Joon admitted “the last year hasn’t been the most efficient” but he’s proud of what they’ve accomplished in the last few months. The primary focus has been creating a user experience that encourages people to click away from Reddit or Discord and actively engage on the site.
Human resources manager Brock “Nubcake” Bagnell described the revamp as nothing short of a “huge improvement” which includes the new website, expanding to games beyond Overwatch, a coaching application, user logins, content feedback, separated game loading pages, forum improvements, coach rating, tipping and coach profiles and live events.
The most noticeable change involved Wawa’s biggest selling point, its training sessions: They now come with a price tag.
“It’s still going to be the free coaching model, but we’re limiting it to one free coaching session per month,” Joon explained. “We made a premium model of $5.99 for unlimited access to coaches, however, you can only book one at a time.”
A “good percentage” of the money students pay will go “straight back to coaches,” according to Joon.
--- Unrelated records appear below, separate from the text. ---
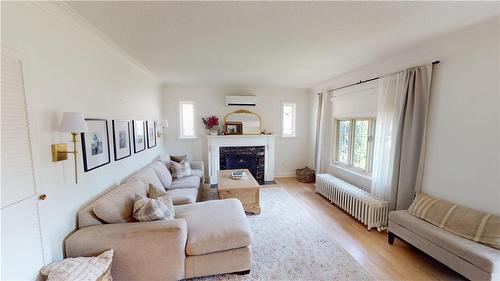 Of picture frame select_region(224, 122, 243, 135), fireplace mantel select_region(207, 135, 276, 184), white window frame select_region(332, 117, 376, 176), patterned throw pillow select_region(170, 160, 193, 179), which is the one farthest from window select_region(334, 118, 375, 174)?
patterned throw pillow select_region(170, 160, 193, 179)

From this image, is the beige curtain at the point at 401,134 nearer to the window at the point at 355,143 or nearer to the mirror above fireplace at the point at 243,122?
the window at the point at 355,143

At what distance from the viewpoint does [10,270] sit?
1.15 metres

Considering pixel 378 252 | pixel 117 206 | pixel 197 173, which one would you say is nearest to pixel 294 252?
pixel 378 252

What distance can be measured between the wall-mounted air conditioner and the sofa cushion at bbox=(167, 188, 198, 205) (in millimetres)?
2516

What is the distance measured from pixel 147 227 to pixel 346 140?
3799mm

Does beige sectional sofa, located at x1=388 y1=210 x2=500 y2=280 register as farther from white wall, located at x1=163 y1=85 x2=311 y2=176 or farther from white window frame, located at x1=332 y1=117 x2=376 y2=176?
white wall, located at x1=163 y1=85 x2=311 y2=176

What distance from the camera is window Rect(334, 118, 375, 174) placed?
3.43 m

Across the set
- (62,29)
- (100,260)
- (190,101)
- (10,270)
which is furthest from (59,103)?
(190,101)

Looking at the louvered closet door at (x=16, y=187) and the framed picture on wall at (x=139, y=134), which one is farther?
the framed picture on wall at (x=139, y=134)

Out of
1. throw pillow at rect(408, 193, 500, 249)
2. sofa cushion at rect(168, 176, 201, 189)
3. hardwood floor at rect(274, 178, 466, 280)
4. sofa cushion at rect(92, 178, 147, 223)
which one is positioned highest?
sofa cushion at rect(92, 178, 147, 223)

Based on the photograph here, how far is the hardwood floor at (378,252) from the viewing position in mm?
1963

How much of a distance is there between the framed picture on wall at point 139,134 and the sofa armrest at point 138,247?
1637mm

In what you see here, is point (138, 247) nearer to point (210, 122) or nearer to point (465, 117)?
point (465, 117)

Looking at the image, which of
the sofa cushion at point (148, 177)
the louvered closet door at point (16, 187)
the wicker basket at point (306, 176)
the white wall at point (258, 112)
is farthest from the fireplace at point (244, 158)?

The remainder he intends to invest in development.
On top of monthly payments, students will soon have the option to tip and rate their coaches.
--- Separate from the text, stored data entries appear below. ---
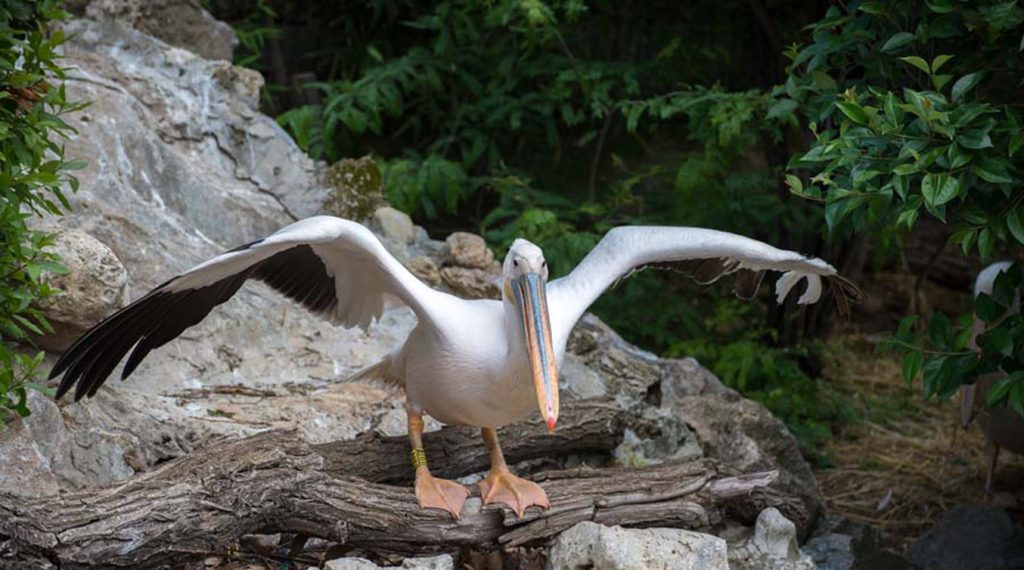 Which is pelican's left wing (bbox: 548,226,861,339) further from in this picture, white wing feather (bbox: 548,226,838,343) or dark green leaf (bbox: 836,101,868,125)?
dark green leaf (bbox: 836,101,868,125)

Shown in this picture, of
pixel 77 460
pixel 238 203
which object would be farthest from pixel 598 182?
pixel 77 460

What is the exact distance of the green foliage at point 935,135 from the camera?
10.4ft

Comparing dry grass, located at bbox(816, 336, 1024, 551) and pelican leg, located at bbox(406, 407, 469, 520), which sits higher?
pelican leg, located at bbox(406, 407, 469, 520)

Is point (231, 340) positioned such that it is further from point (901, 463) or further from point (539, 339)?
point (901, 463)

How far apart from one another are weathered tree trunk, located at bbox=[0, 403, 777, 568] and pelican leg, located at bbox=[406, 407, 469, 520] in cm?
3

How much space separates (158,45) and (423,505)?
9.75 ft

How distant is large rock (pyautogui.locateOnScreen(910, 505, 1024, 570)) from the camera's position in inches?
175

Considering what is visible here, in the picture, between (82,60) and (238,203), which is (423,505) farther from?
(82,60)

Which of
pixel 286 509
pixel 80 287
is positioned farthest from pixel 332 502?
pixel 80 287

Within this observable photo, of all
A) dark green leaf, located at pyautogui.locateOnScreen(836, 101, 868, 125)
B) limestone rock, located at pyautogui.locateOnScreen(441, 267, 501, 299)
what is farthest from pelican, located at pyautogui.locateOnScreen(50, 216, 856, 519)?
limestone rock, located at pyautogui.locateOnScreen(441, 267, 501, 299)

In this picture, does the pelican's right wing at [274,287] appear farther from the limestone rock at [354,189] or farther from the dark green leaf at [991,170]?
the limestone rock at [354,189]

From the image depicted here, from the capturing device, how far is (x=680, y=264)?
13.2 feet

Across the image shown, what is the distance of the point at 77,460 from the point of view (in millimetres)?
3535

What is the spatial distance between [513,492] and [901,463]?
2863 millimetres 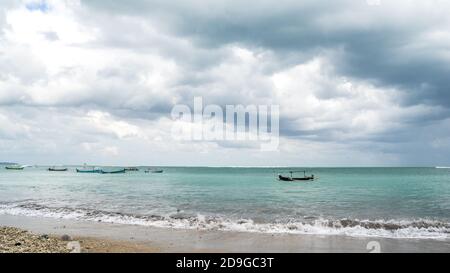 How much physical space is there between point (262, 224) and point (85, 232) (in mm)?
11508

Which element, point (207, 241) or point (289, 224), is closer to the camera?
point (207, 241)

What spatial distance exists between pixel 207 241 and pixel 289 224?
775 cm

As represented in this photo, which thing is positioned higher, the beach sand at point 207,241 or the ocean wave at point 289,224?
the beach sand at point 207,241

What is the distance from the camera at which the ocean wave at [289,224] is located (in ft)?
71.6

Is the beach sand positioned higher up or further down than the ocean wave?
higher up

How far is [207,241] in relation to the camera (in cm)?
1883

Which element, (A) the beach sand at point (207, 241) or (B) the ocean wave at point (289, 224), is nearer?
(A) the beach sand at point (207, 241)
Student and coach applications no longer go through Discord, and they’re pivoting from releasing full guides on Reddit to small teasers. “Students loved our content but they didn’t want to read it on our site,” Joon said. “They preferred to read it on Reddit. That doesn’t benefit us in any way.”
They’re in the final stages of testing out their educational Twitch channel, too.
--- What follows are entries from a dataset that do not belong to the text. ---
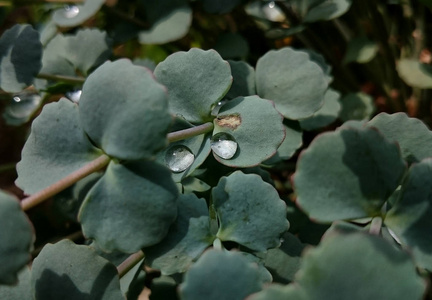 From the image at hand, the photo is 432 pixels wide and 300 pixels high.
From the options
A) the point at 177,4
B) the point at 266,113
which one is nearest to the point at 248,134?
the point at 266,113

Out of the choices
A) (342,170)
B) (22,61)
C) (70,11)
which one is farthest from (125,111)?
(70,11)

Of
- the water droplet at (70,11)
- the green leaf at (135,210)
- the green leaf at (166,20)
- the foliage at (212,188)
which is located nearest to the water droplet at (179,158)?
the foliage at (212,188)

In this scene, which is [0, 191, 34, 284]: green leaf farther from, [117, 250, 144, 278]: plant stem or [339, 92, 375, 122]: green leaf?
[339, 92, 375, 122]: green leaf

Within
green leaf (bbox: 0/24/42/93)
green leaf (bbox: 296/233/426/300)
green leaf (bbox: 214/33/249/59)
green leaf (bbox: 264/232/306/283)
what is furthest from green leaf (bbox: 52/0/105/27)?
green leaf (bbox: 296/233/426/300)

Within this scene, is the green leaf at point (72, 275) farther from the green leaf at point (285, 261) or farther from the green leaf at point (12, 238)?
the green leaf at point (285, 261)

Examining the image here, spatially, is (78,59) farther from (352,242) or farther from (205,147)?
(352,242) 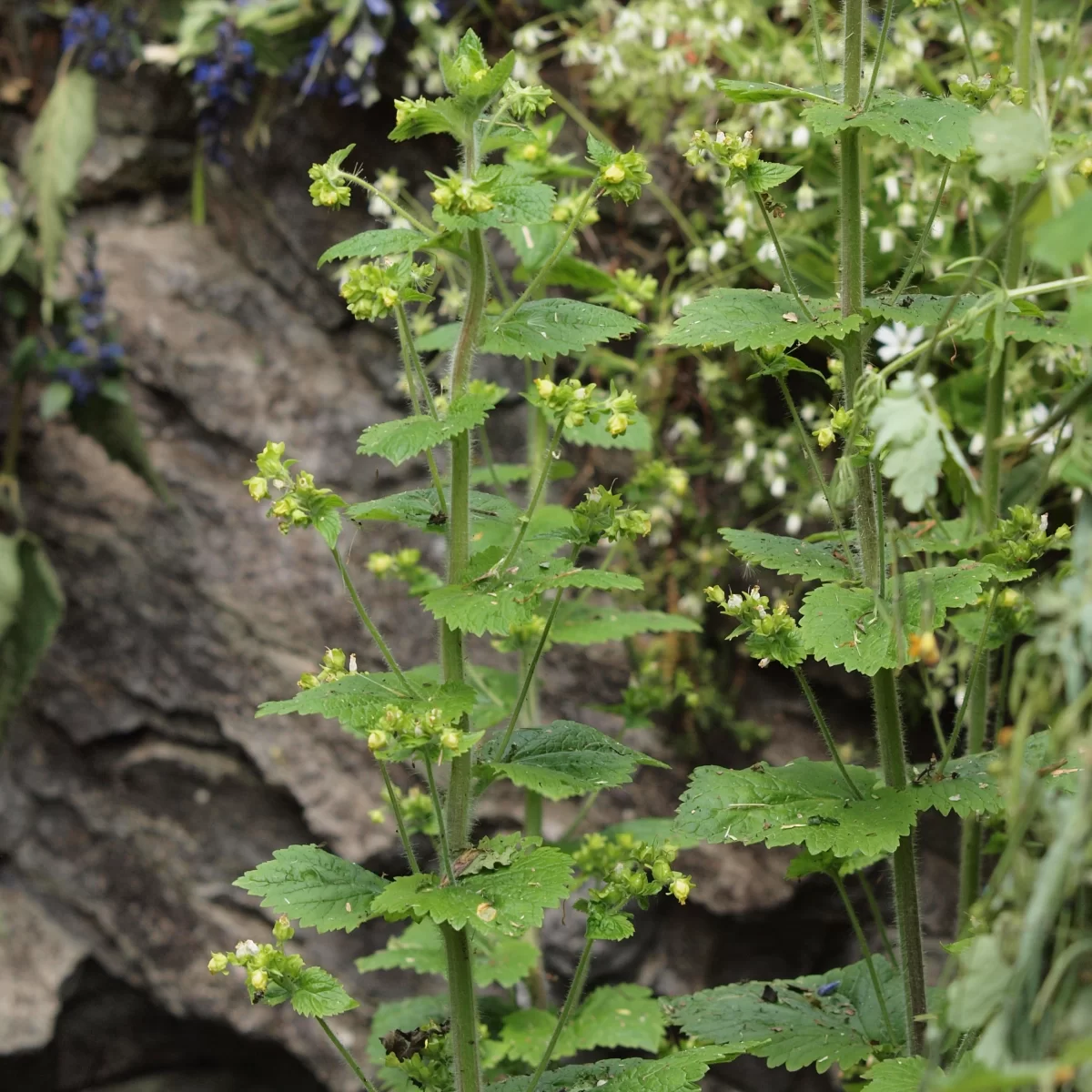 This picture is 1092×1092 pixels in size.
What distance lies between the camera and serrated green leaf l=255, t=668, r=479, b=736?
1.22 m

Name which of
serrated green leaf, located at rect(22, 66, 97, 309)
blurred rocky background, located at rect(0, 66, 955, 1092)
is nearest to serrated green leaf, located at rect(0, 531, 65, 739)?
blurred rocky background, located at rect(0, 66, 955, 1092)

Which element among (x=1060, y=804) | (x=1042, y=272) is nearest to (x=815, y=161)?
(x=1042, y=272)

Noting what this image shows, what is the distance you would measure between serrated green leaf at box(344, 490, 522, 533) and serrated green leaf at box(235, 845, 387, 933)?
40 centimetres

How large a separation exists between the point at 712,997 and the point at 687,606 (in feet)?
3.73

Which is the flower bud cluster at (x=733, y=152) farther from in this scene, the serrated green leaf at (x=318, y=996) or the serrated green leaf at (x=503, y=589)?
the serrated green leaf at (x=318, y=996)

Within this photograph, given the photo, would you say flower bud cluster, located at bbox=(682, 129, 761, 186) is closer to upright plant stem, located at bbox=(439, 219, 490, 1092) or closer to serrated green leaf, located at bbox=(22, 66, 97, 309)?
upright plant stem, located at bbox=(439, 219, 490, 1092)

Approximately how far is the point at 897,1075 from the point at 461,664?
2.10 feet

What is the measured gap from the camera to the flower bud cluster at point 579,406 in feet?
4.24

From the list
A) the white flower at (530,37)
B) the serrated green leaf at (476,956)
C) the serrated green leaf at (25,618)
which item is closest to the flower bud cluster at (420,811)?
the serrated green leaf at (476,956)

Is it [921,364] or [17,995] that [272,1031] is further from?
[921,364]

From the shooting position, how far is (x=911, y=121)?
4.39 ft

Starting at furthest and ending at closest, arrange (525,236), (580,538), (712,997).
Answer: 1. (525,236)
2. (712,997)
3. (580,538)

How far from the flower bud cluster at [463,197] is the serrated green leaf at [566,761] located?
61 cm

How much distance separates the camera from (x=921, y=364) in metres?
0.92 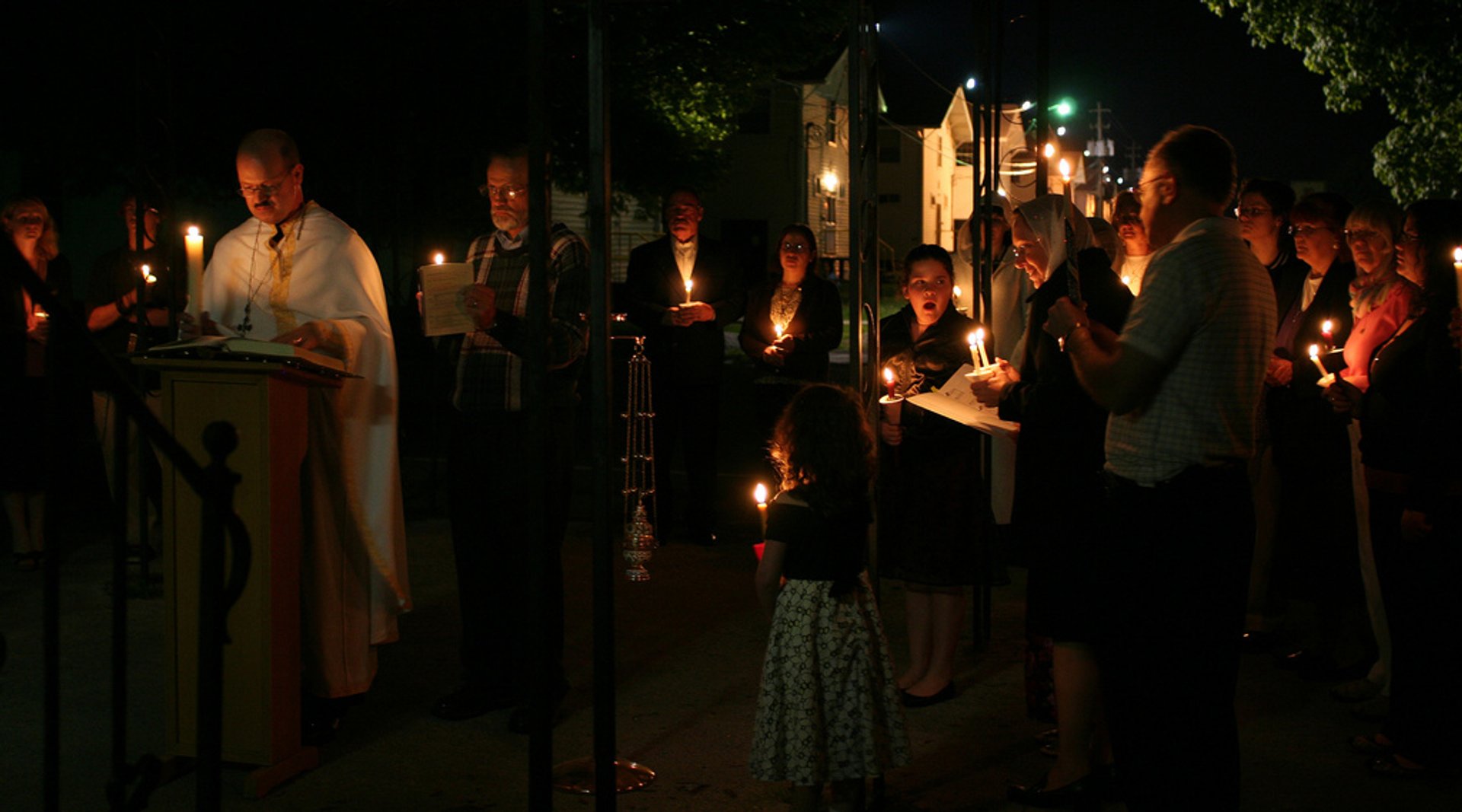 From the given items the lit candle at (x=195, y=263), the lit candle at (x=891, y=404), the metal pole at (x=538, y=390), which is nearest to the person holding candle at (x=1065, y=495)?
the lit candle at (x=891, y=404)

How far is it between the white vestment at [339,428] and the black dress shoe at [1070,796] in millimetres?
2578

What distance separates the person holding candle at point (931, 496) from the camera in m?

“The idea behind our Twitch channel is it’s educational but entertaining,” community manager Allison Paige Brier told TheDW. “We get streamers who come on and do maybe a two-hour segment … [It’s] a place where you can tune into the stream, watch, ask a question and get an answer and maybe see it demonstrated to you.”
The end goal of the Twitch channel is to give viewers “a little taste” of what Wawa’s Boot Camp has to offer and entice them to book a training session.
With the launch of the website, Joon told TheDW he aggressively wants to push into coaching for PlayerUnknown’s Battlegrounds. They have “big ties” in the scene and it’s “definitely the next game we’re going to go into.” They’re also looking at coaching for Fortnite and Counter-Strike: Global Offensive.
“The next few months are make it or break it for us. We need to make sure we’re making enough progress. We’ve committed a lot of time to this,” Joon said. Investors have approached Wawa’s Boot Camp, but Joon insisted they “only want enough to keep moving forward without giving away too much of the company. We’re looking for investors and are currently speaking to a few.”
Joon hopes in the long run that the companies producing the games they teach — Blizzard Entertainment, Epic Games, Valve and Bluehole — will look to Wawa’s Boot Camp for “the feedback we’re giving.”